# What do I need to add power tilt/trim to my rig?



## Seth (May 19, 2009)

The motor is a 1995 50hp Yamaha jet drive. It's nice having the power tilt/trim like my buddies have in there boats and I would like to get it for my boat. Is there a yamaha kit that I can buy or would this be something I should just take to a dealer and have them install it? Anybody have an idea what it would cost for the kit or what it would run to have a dealer install a kit?


----------



## Quackrstackr (May 19, 2009)

I'm not sure about factory Yamaha kits but CMC offers an aftermarket kit that I have seen nothing but good reviews on.

https://cook-mfg.net/cart/index.php?main_page=index&cPath=5


----------



## sparkbr (May 21, 2009)

Now, I haven't ran a jet, but I always thought the angle of the foot was pretty specific. That being said, is there much to gain by having power trim with a jet drive?


----------



## Toby from MO (May 21, 2009)

sparkbr said:


> Now, I haven't ran a jet, but I always thought the angle of the foot was pretty specific. That being said, is there much to gain by having power trim with a jet drive?



Spark…

You do not have nearly as much leeway trimming a jet as you would a prop but it does have some benefit. When running…you can trim to a point where the drive shaft nears a perpendicular position…then is starts sucking air (cavitating). About 3-5 quick bumps on the trim button is all I get. It does lift the bow a bit and I pick maybe 1 mph. You have to be careful though…excessive trimming can result in cavitation burns on the impeller.

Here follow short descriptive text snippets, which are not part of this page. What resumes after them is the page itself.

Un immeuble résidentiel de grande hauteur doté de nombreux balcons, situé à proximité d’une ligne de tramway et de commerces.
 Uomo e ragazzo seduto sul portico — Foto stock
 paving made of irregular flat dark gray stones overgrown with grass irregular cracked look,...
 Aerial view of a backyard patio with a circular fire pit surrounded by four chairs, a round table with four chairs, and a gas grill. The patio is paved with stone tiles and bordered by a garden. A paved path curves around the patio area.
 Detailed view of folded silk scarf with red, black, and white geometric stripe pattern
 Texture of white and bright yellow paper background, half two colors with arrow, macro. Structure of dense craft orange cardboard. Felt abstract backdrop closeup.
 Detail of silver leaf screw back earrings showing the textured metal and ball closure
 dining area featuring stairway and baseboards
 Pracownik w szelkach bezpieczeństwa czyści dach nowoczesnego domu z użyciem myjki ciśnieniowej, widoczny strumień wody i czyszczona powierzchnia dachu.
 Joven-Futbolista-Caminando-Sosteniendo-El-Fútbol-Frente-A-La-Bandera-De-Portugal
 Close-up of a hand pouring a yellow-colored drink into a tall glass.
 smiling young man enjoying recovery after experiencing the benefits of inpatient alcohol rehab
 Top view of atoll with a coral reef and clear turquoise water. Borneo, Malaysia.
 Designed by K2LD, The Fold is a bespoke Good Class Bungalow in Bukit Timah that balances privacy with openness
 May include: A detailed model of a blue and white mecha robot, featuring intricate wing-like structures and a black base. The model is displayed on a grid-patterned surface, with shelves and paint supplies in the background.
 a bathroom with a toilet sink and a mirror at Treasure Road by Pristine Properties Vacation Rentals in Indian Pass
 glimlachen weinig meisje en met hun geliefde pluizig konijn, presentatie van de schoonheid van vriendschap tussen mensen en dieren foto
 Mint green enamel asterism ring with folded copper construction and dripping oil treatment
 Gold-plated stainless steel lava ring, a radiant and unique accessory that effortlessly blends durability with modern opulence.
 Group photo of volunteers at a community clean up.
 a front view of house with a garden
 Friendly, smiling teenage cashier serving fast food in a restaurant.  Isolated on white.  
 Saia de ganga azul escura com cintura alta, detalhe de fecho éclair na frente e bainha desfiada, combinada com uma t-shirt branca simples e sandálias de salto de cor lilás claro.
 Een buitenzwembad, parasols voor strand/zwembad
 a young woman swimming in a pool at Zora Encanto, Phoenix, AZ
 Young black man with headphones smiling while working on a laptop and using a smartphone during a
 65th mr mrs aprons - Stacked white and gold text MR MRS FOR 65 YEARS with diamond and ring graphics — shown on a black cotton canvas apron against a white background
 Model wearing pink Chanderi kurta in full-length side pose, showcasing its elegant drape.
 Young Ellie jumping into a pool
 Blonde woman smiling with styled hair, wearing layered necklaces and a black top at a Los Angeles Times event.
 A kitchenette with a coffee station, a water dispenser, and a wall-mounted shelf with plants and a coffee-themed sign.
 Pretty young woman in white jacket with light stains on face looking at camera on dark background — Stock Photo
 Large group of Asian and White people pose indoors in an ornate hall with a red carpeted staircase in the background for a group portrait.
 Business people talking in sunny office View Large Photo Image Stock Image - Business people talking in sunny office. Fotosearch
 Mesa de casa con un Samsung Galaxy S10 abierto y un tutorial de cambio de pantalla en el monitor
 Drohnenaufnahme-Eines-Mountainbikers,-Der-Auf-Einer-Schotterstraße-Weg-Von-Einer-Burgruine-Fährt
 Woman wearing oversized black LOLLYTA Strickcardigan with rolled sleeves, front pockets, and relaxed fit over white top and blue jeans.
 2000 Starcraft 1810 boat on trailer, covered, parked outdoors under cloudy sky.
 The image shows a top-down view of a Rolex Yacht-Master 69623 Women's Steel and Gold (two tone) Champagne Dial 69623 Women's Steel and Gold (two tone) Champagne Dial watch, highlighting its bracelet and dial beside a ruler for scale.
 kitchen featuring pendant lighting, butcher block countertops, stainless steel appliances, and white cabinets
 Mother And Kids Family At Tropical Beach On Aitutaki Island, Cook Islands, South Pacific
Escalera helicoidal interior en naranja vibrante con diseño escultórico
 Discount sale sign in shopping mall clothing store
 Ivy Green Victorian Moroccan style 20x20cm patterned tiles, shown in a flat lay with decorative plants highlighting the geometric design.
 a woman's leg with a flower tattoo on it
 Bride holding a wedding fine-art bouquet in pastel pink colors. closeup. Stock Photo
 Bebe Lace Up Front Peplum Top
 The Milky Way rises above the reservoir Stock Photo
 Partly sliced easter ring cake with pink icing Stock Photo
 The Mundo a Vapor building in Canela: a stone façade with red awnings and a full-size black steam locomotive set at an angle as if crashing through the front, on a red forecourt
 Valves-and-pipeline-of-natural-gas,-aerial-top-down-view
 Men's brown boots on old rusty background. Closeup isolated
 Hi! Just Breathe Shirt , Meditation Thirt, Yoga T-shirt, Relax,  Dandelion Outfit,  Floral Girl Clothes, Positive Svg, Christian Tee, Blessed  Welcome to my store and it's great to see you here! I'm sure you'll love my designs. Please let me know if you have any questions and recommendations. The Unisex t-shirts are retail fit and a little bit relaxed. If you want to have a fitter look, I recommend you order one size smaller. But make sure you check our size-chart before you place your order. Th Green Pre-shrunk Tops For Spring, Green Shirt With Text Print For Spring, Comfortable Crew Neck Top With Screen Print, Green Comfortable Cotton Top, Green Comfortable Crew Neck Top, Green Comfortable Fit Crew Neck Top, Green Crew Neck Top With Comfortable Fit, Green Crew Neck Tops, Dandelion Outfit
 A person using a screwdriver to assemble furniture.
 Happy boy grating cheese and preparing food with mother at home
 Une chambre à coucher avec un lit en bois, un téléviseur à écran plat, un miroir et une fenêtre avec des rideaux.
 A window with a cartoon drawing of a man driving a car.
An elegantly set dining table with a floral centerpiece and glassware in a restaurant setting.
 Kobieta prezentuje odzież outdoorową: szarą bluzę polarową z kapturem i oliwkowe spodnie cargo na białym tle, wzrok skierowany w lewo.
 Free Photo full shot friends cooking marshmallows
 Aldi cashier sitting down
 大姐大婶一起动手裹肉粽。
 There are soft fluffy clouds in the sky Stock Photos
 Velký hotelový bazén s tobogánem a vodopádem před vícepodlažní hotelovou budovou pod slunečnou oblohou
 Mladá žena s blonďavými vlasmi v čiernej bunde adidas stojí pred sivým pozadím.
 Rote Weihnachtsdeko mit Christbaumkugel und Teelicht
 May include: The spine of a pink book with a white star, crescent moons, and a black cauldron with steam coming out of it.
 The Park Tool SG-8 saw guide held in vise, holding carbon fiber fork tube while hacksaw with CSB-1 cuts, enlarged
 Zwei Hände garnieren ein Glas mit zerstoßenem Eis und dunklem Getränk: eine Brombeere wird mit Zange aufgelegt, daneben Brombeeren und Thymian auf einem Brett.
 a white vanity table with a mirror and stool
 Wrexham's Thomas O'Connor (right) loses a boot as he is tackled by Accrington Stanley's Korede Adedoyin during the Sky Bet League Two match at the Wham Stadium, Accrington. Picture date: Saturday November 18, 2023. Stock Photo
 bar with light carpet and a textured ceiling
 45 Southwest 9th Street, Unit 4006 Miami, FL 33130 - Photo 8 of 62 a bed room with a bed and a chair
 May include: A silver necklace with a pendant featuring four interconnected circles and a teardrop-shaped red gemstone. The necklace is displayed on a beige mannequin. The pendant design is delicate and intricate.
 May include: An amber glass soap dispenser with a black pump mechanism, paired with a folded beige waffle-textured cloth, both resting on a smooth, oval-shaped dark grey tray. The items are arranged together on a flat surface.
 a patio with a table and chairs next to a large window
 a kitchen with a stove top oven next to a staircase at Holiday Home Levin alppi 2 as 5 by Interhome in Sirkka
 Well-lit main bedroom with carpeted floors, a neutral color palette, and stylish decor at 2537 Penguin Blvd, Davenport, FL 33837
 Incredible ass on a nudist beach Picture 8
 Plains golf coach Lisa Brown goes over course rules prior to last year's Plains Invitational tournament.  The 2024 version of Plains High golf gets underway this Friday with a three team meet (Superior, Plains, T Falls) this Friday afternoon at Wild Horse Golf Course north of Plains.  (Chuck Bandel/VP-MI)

I’m not sure outfitting an existing motor with power trim for the performance aspect would be worth it as factory and after market trim packages tend to be expensive. If buying a new motor…no doubt…you want it. But keep in mind…having power trim has added benefits beyond use when running. I use my forward mount trim button a lot when fishing. It saves me from running to the back of the boat to lift my engine to keep from getting hung on a log or to prevent dragging when I’m floating through 4” of water.


----------



## willfishforfood (May 25, 2009)

you also forgot it is like a fire hose and you can soak down a friend quick. I haven't done it but it did happen to me once and the pay back will come.


----------



## Toby from MO (May 26, 2009)

willfishforfood said:


> you also forgot it is like a fire hose and you can soak down a friend quick. I haven't done it but it did happen to me once and the pay back will come.



I was on Clearwater (a local lake) one afternoon Crappie fishing...you couldn't help but notice two boats (ski boat & jet boat) loaded with young adults (kids) racing around with each other. Then one young lad steps up onto the bow of the ski boat. He starts yelling at the other boat and thumping his chest.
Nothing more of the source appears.